The answer should hold only the lines from the one containing "Ontario Cat Stick" through the one containing "DAF XF 480 /" in the entries below, copied exactly, without pictures.

● **Record extracts**:
+ + + + +

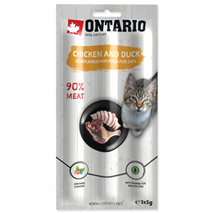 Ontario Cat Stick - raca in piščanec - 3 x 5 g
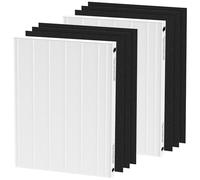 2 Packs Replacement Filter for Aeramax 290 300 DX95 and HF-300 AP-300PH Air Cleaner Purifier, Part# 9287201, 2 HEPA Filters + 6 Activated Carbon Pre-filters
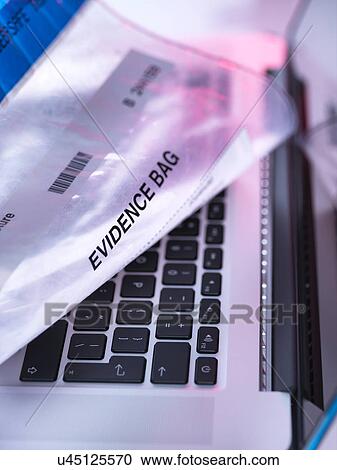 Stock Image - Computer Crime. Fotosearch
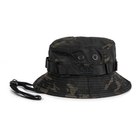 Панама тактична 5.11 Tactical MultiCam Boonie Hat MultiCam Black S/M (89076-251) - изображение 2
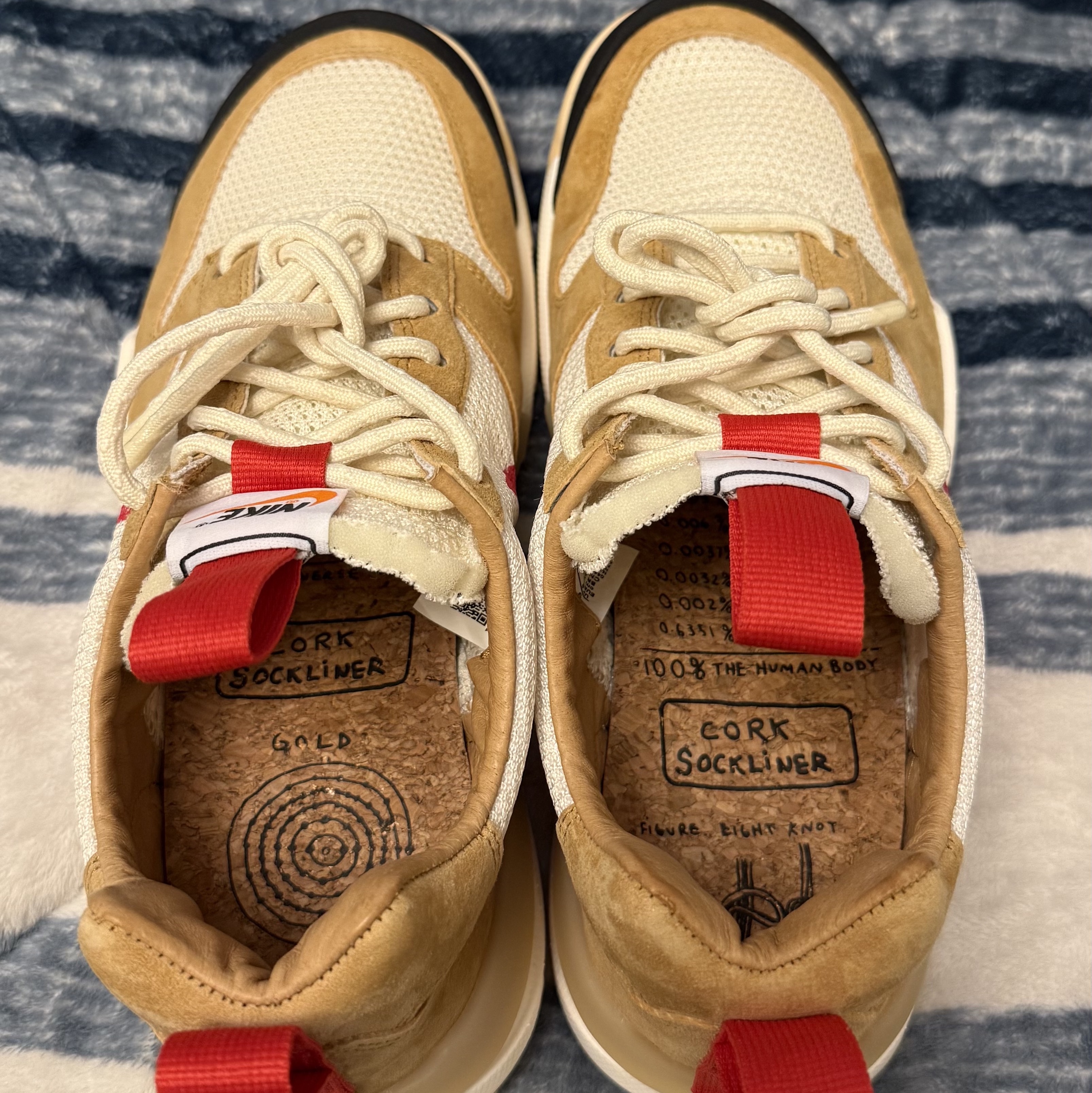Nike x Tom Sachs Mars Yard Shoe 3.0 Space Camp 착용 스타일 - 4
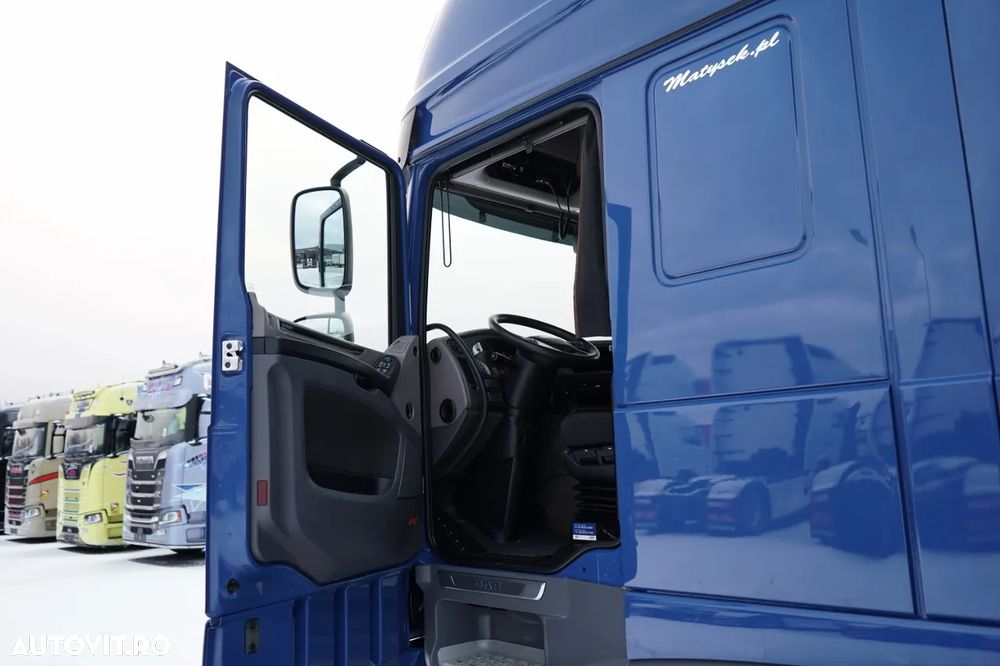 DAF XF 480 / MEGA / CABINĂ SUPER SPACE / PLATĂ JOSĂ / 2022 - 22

+ + + + +

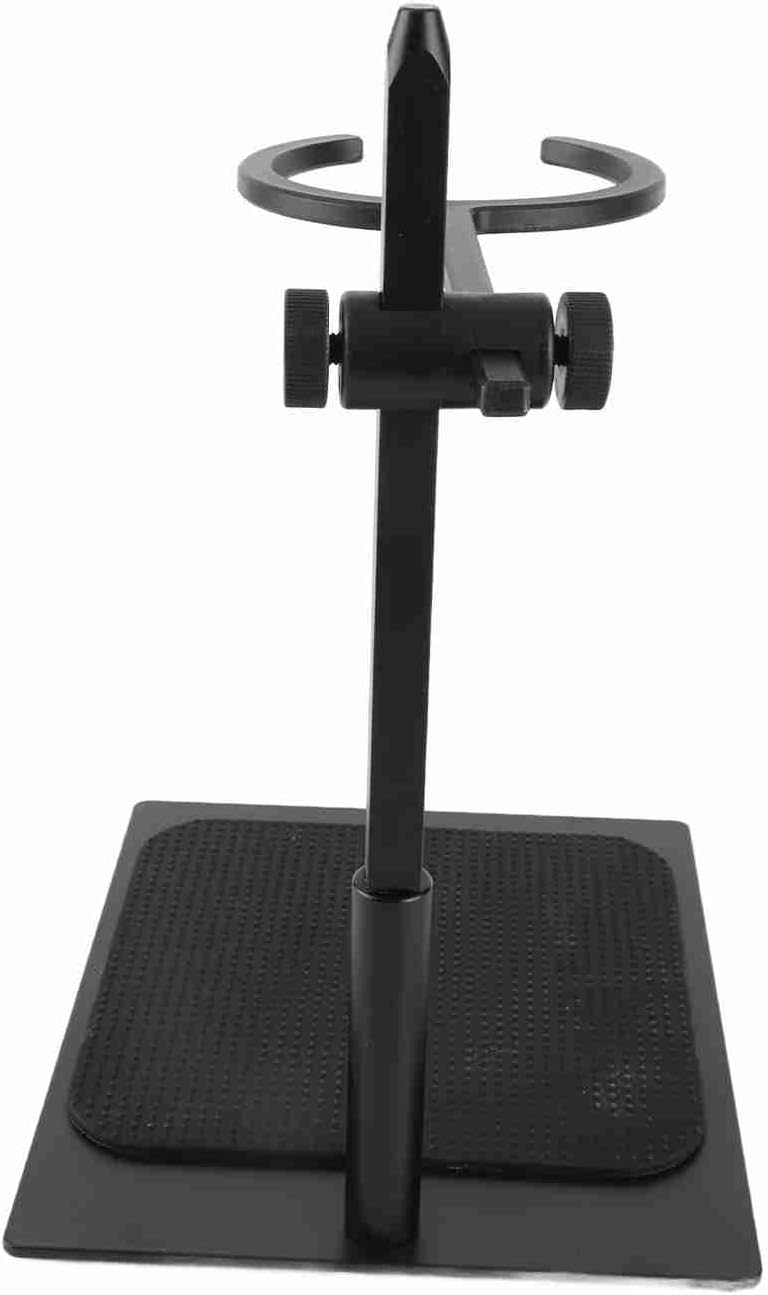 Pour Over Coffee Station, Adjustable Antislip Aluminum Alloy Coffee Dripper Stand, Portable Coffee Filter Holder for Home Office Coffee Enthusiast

+ + + + +

● **Exercise answer**:
 Ontario Cat Stick - raca in piščanec - 3 x 5 g
 2 Packs Replacement Filter for Aeramax 290 300 DX95 and HF-300 AP-300PH Air Cleaner Purifier, Part# 9287201, 2 HEPA Filters + 6 Activated Carbon Pre-filters
 Stock Image - Computer Crime. Fotosearch
 Панама тактична 5.11 Tactical MultiCam Boonie Hat MultiCam Black S/M (89076-251) - изображение 2
Nike x Tom Sachs Mars Yard Shoe 3.0 Space Camp 착용 스타일 - 4
 DAF XF 480 / MEGA / CABINĂ SUPER SPACE / PLATĂ JOSĂ / 2022 - 22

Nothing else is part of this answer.